India to enter Saudi railway business
Riyadh, October 12, 2010
India is planning to enter Saudi Arabia, starting with the operation of a major mineral railway that will link the country's northern Jalamid region with Ras Azzour, near the industrial port city of Jubail, an Indian minister said.
E Ahamed, India's minister of state for railways, who was speaking on the sidelines of a community reception in Riyadh, said that some projects were 'being identified, while some are in the pipeline'.
The minister said that while it was too early to talk about the projects in which Indian Railways would be involved in, India's state-owned Rites Company would be involved in the operation of the new 1,486-kilometre North-South railway.
'The Saudi Railways Organisation (SRO) and Rites signed a SR278 million ($74 million)agreement earlier,' he was quoted as saying by Arab News.

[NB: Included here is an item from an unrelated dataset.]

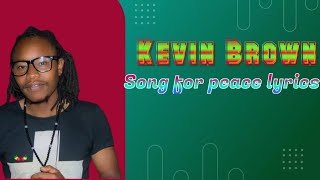 Kevin Brown ke ~ song for peace lyrics {Light at End of Tunnel Riddim}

Rites will help operate the railway, which is used for the transportation of phosphate and bauxite to Ras Azzour near Jubail. Once operational, this railway link would make Saudi Arabia a leading supplier of phosphate and bauxite.
Passenger traffic on the route would start in 2013, with trains passing through Riyadh, Sudair, Qassim, Hail and Al-Jouf, an earlier report had said.
'India's ties in the railway sector, or for that matter in almost all sectors, especially in politics and the economy, are progressively growing,' Ahamed said.